### Work task
Write out again, exactly, the lines below starting at the one with "CoCud Mini Flowers" and ending at the one with "VT license plate NKJ429".

### Given information

_ _ _ _ _

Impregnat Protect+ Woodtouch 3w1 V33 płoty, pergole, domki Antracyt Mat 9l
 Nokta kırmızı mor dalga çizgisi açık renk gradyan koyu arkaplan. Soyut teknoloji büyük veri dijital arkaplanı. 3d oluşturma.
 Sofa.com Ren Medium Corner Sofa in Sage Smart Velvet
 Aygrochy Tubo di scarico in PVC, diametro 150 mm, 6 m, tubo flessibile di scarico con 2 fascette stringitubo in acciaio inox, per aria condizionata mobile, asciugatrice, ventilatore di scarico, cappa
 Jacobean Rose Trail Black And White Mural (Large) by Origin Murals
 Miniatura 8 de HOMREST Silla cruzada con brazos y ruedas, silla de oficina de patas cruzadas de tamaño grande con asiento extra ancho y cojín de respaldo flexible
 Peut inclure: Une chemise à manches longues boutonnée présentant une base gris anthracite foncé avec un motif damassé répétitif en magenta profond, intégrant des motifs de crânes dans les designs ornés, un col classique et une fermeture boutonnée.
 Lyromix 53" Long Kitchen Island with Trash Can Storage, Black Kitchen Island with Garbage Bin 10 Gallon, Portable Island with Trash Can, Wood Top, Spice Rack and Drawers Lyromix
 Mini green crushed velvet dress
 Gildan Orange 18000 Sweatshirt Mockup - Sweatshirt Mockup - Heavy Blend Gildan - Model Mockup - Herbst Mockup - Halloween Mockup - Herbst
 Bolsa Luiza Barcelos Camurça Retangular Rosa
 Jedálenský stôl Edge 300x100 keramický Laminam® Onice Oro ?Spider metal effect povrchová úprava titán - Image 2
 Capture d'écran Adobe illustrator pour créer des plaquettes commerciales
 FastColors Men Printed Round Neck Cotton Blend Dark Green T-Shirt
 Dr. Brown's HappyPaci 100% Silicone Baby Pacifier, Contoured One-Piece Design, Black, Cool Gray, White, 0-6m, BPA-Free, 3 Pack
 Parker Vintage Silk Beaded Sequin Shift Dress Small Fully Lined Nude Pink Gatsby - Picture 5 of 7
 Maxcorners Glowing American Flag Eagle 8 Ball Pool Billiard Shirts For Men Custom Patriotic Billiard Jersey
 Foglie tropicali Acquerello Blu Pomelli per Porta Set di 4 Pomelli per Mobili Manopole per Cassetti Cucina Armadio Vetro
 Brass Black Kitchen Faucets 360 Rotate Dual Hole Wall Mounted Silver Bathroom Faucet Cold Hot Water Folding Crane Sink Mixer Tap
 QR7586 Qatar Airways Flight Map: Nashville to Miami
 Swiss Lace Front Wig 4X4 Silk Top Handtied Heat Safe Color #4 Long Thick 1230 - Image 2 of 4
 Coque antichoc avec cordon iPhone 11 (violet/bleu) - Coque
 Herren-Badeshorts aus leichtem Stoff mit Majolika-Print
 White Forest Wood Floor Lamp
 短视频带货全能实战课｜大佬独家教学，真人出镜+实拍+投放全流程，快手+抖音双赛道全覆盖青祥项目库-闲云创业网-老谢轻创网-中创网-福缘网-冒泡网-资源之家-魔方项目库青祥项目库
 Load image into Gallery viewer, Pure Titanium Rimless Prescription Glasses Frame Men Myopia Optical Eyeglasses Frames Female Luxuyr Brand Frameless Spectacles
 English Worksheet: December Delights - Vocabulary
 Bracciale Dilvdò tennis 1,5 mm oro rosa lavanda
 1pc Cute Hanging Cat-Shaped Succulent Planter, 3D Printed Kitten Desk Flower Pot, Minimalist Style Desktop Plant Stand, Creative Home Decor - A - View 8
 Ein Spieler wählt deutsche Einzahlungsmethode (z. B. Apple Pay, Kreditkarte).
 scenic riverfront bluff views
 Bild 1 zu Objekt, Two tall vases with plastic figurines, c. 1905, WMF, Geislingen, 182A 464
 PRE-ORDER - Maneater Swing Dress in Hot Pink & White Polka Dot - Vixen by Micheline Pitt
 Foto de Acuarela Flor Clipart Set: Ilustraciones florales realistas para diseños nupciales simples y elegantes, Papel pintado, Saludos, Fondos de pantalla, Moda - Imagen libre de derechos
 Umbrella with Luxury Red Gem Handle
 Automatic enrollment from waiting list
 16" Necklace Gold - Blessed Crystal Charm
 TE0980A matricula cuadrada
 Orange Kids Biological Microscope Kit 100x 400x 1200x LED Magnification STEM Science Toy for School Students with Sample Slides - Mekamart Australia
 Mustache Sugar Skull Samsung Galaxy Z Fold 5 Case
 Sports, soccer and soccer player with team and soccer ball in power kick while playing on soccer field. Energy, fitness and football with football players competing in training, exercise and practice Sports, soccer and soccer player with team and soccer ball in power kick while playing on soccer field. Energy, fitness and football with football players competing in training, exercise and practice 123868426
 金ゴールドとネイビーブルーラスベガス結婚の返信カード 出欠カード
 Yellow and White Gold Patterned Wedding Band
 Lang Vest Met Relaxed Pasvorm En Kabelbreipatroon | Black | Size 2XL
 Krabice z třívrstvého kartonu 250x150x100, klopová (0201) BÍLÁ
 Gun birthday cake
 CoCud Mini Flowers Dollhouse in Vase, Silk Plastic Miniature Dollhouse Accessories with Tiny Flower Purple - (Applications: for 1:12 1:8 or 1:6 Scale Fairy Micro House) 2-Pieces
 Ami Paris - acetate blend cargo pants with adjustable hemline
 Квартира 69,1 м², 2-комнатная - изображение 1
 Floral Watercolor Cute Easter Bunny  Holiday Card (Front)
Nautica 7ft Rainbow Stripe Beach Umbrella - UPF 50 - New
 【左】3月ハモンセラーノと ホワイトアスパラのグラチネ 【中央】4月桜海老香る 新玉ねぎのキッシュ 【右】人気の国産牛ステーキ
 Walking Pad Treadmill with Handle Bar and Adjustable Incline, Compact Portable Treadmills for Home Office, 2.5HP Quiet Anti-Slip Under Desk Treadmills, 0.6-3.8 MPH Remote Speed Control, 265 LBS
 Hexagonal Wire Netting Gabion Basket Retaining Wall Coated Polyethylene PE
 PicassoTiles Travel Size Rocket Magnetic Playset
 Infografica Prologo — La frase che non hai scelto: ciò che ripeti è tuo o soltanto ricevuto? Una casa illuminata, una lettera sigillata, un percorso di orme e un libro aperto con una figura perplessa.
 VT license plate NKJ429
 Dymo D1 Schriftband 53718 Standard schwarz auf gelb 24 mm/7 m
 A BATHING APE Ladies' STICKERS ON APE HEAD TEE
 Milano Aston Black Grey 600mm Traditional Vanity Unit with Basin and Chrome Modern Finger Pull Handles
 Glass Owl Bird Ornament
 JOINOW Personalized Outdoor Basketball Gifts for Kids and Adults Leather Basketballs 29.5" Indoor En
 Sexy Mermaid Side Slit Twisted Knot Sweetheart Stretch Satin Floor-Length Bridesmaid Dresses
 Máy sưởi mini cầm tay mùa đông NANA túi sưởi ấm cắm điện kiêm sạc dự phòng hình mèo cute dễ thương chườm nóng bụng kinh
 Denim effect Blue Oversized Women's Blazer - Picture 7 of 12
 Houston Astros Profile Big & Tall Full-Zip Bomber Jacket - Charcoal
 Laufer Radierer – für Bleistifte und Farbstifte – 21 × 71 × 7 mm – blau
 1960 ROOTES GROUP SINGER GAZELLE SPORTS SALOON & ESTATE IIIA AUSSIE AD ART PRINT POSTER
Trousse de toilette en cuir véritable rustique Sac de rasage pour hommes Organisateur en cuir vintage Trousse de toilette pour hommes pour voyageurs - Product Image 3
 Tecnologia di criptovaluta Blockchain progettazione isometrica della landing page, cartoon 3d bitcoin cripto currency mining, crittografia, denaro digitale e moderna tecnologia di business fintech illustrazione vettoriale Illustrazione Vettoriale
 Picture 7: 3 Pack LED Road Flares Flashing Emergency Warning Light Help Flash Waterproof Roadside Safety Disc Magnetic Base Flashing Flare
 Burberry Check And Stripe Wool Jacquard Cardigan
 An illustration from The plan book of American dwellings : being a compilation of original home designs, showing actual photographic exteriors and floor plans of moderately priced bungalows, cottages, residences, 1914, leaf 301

_ _ _ _ _

### Solution to this task
 CoCud Mini Flowers Dollhouse in Vase, Silk Plastic Miniature Dollhouse Accessories with Tiny Flower Purple - (Applications: for 1:12 1:8 or 1:6 Scale Fairy Micro House) 2-Pieces
 Ami Paris - acetate blend cargo pants with adjustable hemline
 Квартира 69,1 м², 2-комнатная - изображение 1
 Floral Watercolor Cute Easter Bunny  Holiday Card (Front)
Nautica 7ft Rainbow Stripe Beach Umbrella - UPF 50 - New
 【左】3月ハモンセラーノと ホワイトアスパラのグラチネ 【中央】4月桜海老香る 新玉ねぎのキッシュ 【右】人気の国産牛ステーキ
 Walking Pad Treadmill with Handle Bar and Adjustable Incline, Compact Portable Treadmills for Home Office, 2.5HP Quiet Anti-Slip Under Desk Treadmills, 0.6-3.8 MPH Remote Speed Control, 265 LBS
 Hexagonal Wire Netting Gabion Basket Retaining Wall Coated Polyethylene PE
 PicassoTiles Travel Size Rocket Magnetic Playset
 Infografica Prologo — La frase che non hai scelto: ciò che ripeti è tuo o soltanto ricevuto? Una casa illuminata, una lettera sigillata, un percorso di orme e un libro aperto con una figura perplessa.
 VT license plate NKJ429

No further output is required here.